In trying to find a way to bring these two perspectives together, I wonder whether a more useful interpretation of ahimsa might be ‘the intention to reduce suffering’.  This is a slightly more active version than Bouanchard’s translation of Ahimsa as ‘respect for life’.

A meal time homage shared at the Upaya Zen Centre sums up for me the attitude of acknowledgement, intention and gratitude contained in this shifted approach to Ahimsa:

Earth, water, fire, air and space combine to make this food.

Numberless beings gave their lives and labours that we may eat. 

May we be nourished that we may nourish life.

This stance emphasises active engagement to reduce suffering rather than simply avoiding harm.  This perhaps is where I.35 points us ‘being firmly grounded in non-violence creates an atmosphere in which others can let go of their hostility’ (translation Chip Hartranft).

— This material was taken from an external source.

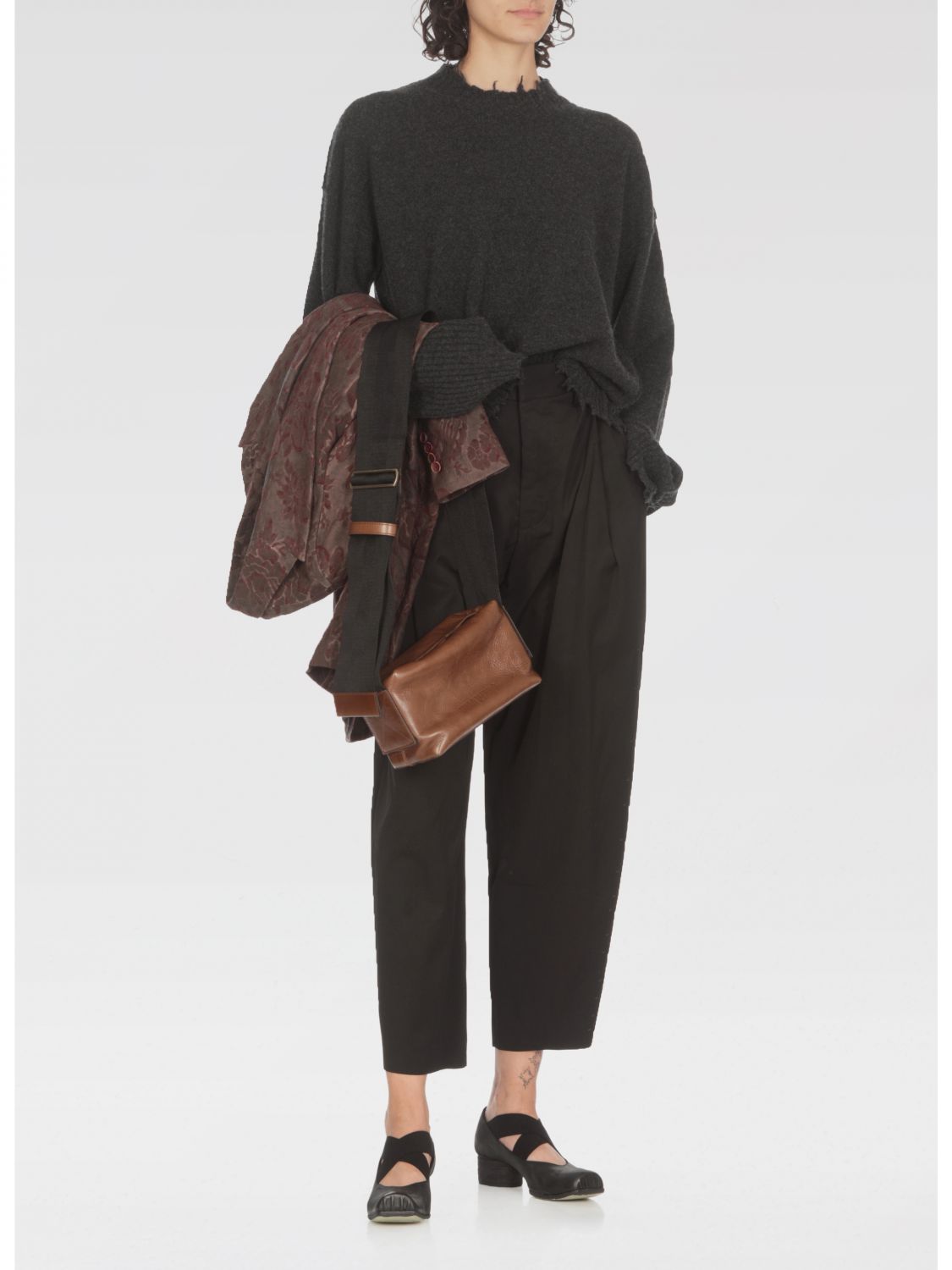 Uma Wang pleat-detailing cropped trousers - Braun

This may also provide a clear connection to Metta, which is one of the four ‘sublime abodes’ in Buddhism and which also appear in Patajali’s sutras (I.33) as antidotes to the disturbance of consciousness.

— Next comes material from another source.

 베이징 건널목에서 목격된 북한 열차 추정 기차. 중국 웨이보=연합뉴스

Metta (love or loving kindness)

A student once asked a Zen teacher ‘what is love?’.  He answered simply ‘if someone is thirsty, give them something to drink’.

Love is a word that has wide and highly varied meanings in our language.  This is perhaps why many translators prefer to use ‘loving kindness’ or ‘friendliness’ in relation to metta (or maitri in the sanskrit of Patanjali’s Sutras).  Love is a word wrapped tight in layers of social convention, emotional trading and personal security.  But even with all of this potential for confusion, most of us (thank goodness) have some kind of sense of what love is.  When we peel away all the social context and convention perhaps, as the Zen teacher was pointing to, love is no less (and nothing more) than seeing and treating someone or something else as if they were a part of oneself.  With such a view love carries no sense of exchange or the need for any kind of reciprocation.

Such a view of love does not exclude the possibility of different flavours – familial, romantic, divine, even celebrity adoration.  It simply means that all of these flavours of love share the same base ingredients in the form of clarity, openness and inclusiveness without conditions.  It is simply the social context and expression that provides the particular flavour.  In all honesty, however, when I look at my own use of the term love and listen to others around me, I often encounter unspoken ‘sub-texts’.

I love you…

  • … as long as you visit every Thursday
  • … as long as you love me too
  • … as long as you agree with me
  • … as long as you grant my wishes
  • … as long as you continue to score goals

All loaded with conditions and expectation.  This is perhaps what makes Metta something special, both as a state of being and as a practice to cultivate.  And Ahimsa perhaps is the obvious starting point.  The sense of connection and interdependence discussed in relation to non-harming perhaps begin the process of dissolution of the ‘I’ and ‘other’ boundaries, making acting from a place of ‘us’ that is ‘in metta’ the most natural way of being.